There are a variety of different vehicles for saving for retirement. With the decline in employers that offer defined-benefit pensions, a 401(k) plan is a common way to save for retirement. Many employers offer 401(k) plans, and many also offer matching funds as an incentive to contribute to them. Traditional and Roth Individual Retirement Accounts (IRAs) are another great way to save for retirement.
Saving for college
If you have children, you may also be concerned with the rising cost of higher education, and wanting to save for college. Higher education costs are currently rising higher than the rate of inflation, and more and more jobs require higher education. It’s only natural that parents want to do everything they can to help make college more manageable for their kids.

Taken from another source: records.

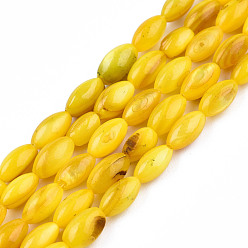 Gold Natural Freshwater Shell Beads Strands, Dyed, Rice, Gold, 7.5x4mm, Hole: 0.8mm, about 51~52pcs/strand, 14.96 inch~15.16 inch(38~38.5cm)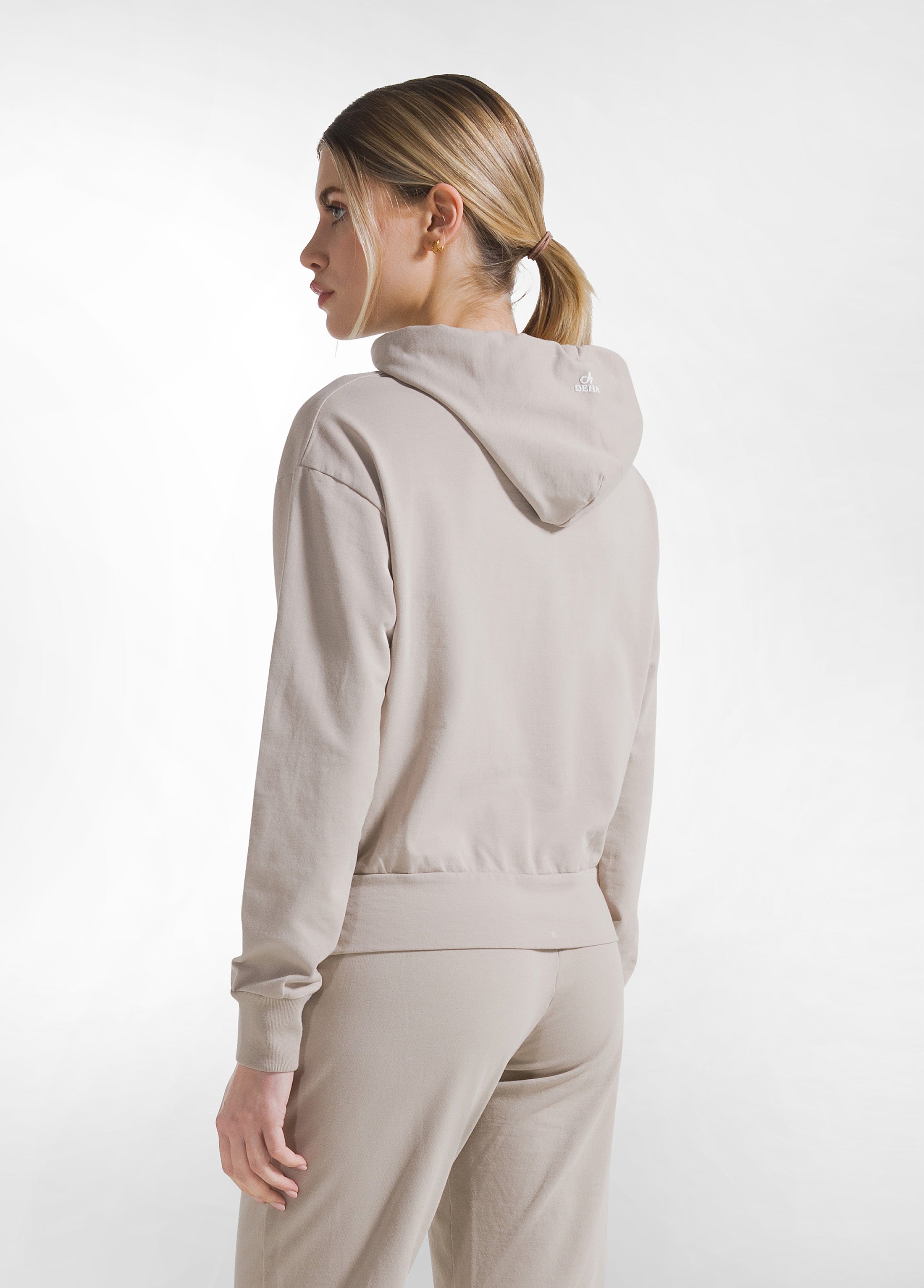 deha-felpa-con-cappuccio-full-zip-in-tessuto-stretch-beige image 2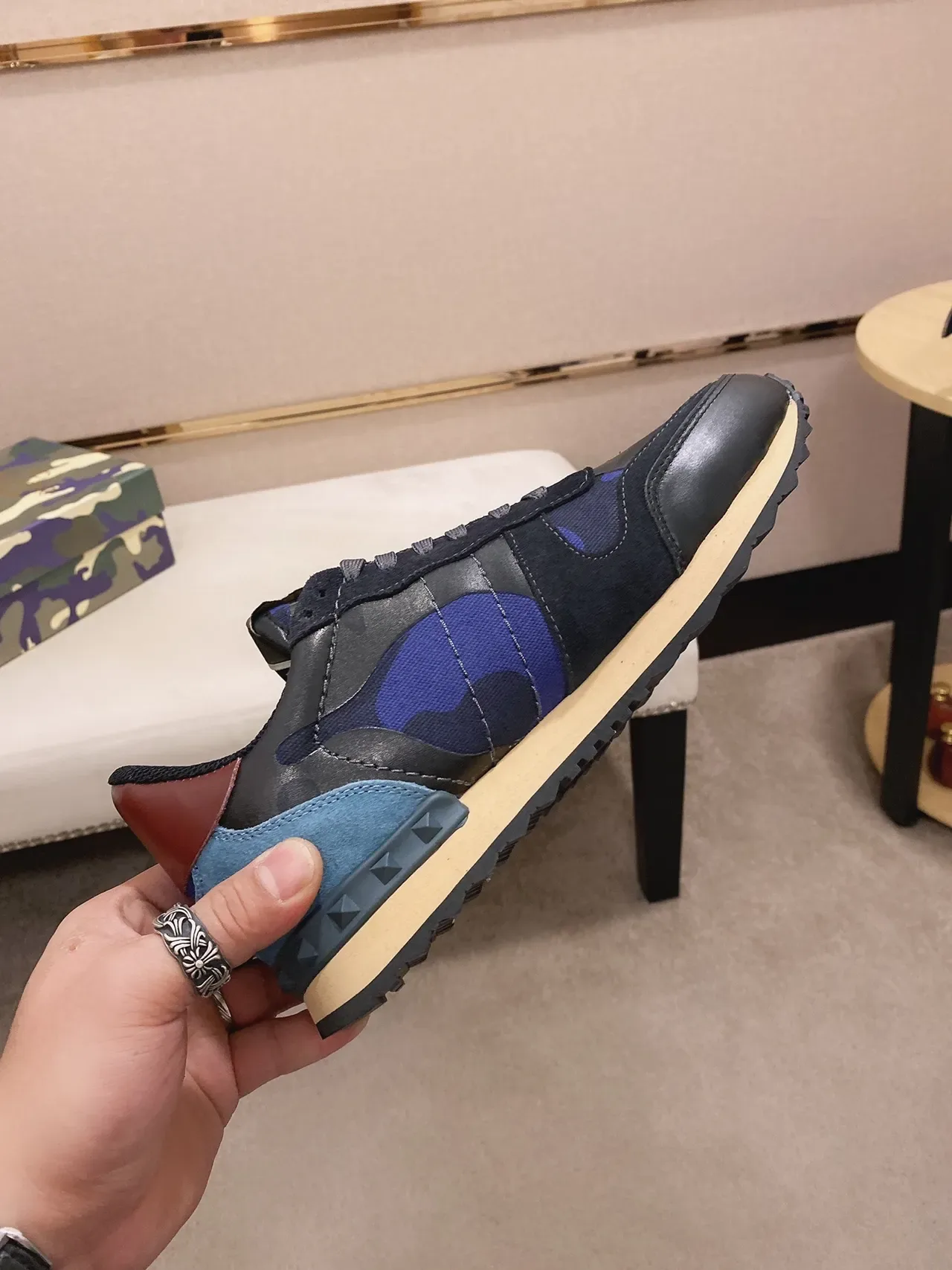 Valentino Rockstud Runner Camo Print Lifestyle Sneakers 6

Like with retirement, there are a variety of different ways to save for college. One popular way is through what is called a 529 plan. States set these up as a way to save for college. Generally, you don’t have to be a resident of the state in question to participate in its 529 plan. Although it’s common for states to offer state tax breaks for contributing to their own 529 plan.

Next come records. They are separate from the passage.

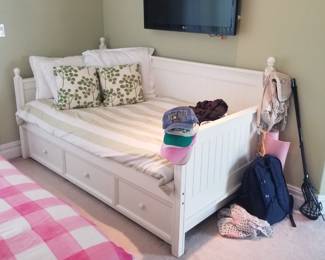 Daybed with trundle; flat screen TV with mounting bracket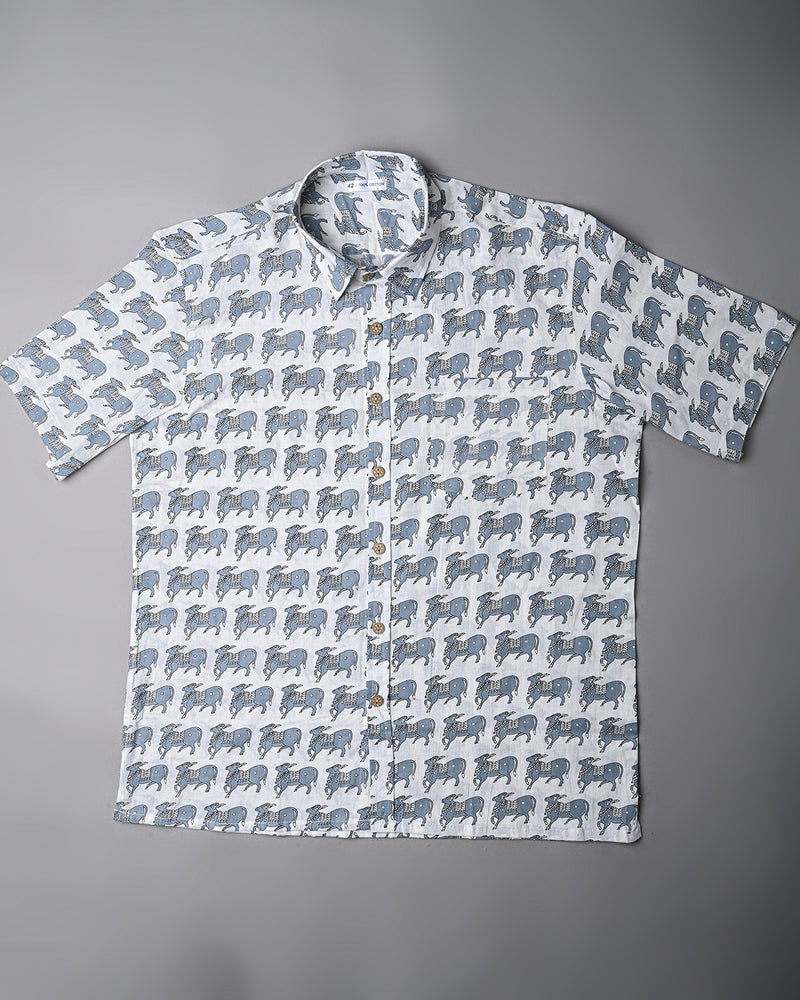 Traditional premium Half Sleeves Block Print Shirt(NDCOTHS11)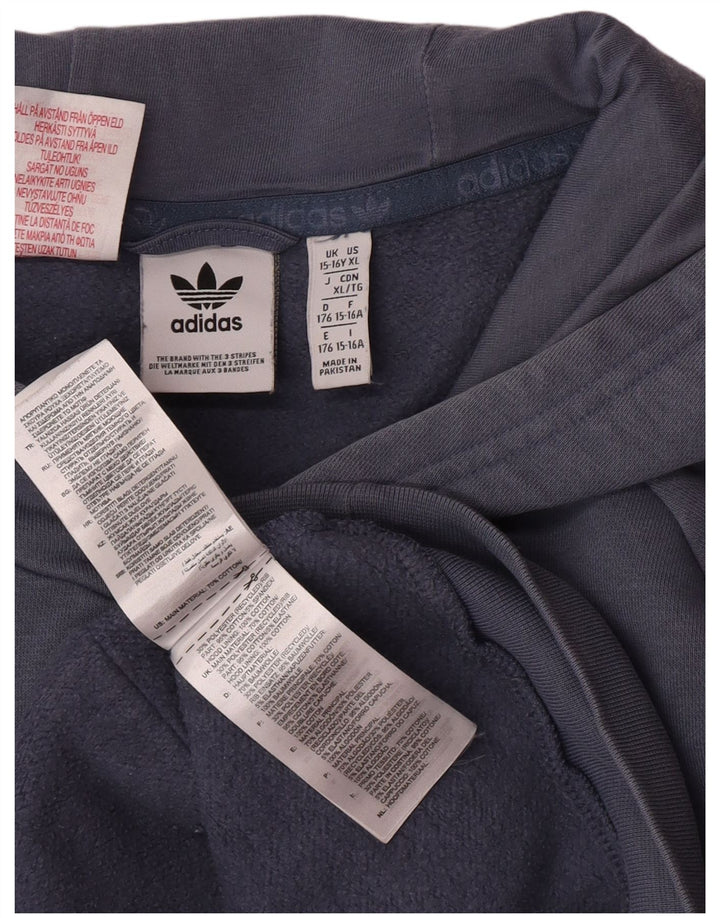 Adidas Boys Hoodie Jumper 15-16 Years Blue Cotton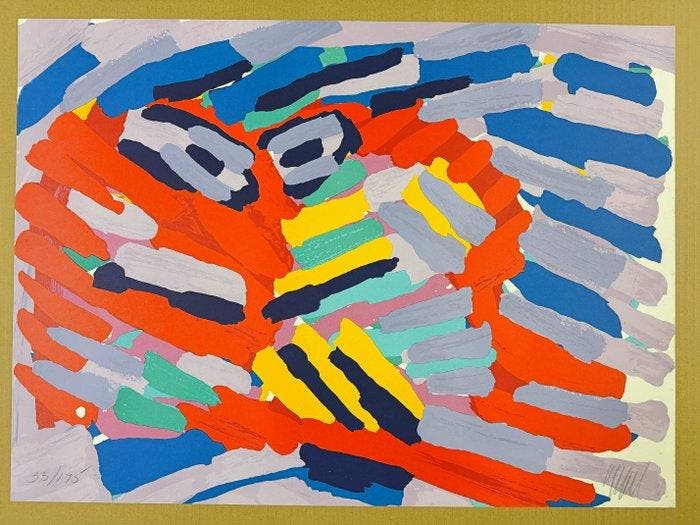 Karel Appel (1921-2006) - Big Red Head Lavender, Antiquités & Art, Antiquités | Autres Antiquités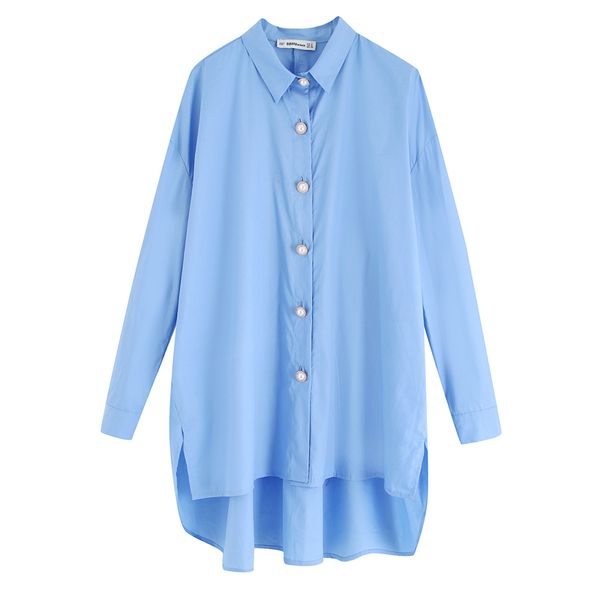

zoepo turn down collar long blouses women fashion casual jewellery buttons shirts women elegant solid female ladies lg, White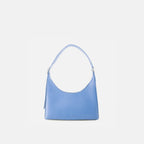 Bag It Danny Flatiron pebble leather shoulder bag in ocean blue, front view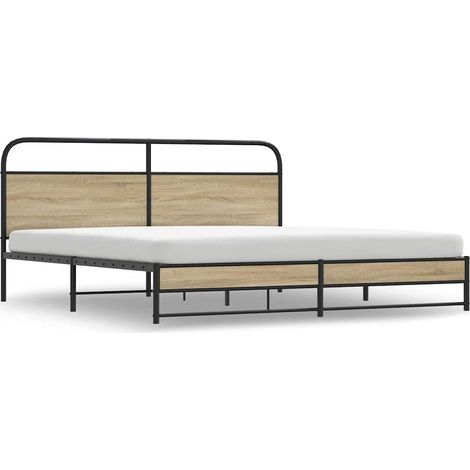 Maison Exclusive - Metallbett ohne Matratze Räuchereiche 200x200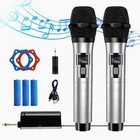 Professional Vhf Wireless Dual Handheld Microphone System Karaoke Mic   Receiver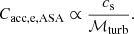 $$ \begin{aligned} C_\mathrm{acc,e,ASA}&\propto \frac{ c_\mathrm{s} }{\mathcal{M} _\mathrm{turb} }. \end{aligned} $$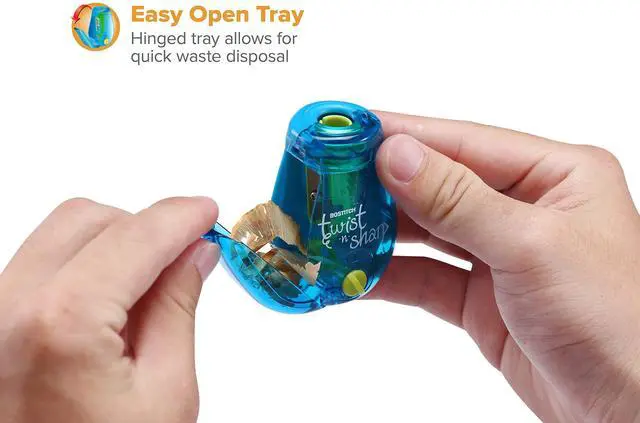 Alt view image 3 of 6 - Office Twist-n-Sharp Pencil Sharpener, for Kids & Colored Pencils, Assorted Colors (PS1-BLUE-2PK)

Another way to save for educational or other expenses is through UGMA/UTMA accounts. UGMA stands for the Uniform Gifts to Minors Act and UTMA stands for Uniform Transfers to Minors Act. The person that sets up the account (typically but not always a parent) is considered a “custodian.” They may transfer money into the account to benefit the minor, but the money is managed by the custodian.
Why you should save for your retirement first
While the exact way that you allocate your savings depends on your specific situation, here are a few suggestions for why you should save for your retirement first.
The main reason is flexibility — you can always reallocate retirement money towards higher education. If you’ve contributed to a Roth IRA, you can withdraw your contributions tax and penalty-free at any time. While many early withdrawals receive a penalty, qualified education expenses are an exception. On the contrary, you can’t easily transfer money in 529 plans to retirement savings if you end up not needing it for educational expenses.
You find another reason when considering the alternatives. If you fully save for your own retirement but don’t save much for your children’s higher education expenses, there are several different options (loans, grants, scholarships) that may be available to help pay for college. It’s also possible that federal legislation may be passed that reduces the cost for some forms of higher education.
On the other hand, if you save and pay for a significant portion of your children’s college expenses, but skimp on your own retirement savings, there will not be as many options available for you. Relying on Social Security alone is unlikely to be sufficient for many people’s retirement. Hopefully your kids got a great college education as they may be providing a good chunk of your support in your retirement!
While every situation is different, these can make for a compelling argument to focus on your own retirement saving first, and only THEN start saving for college expenses.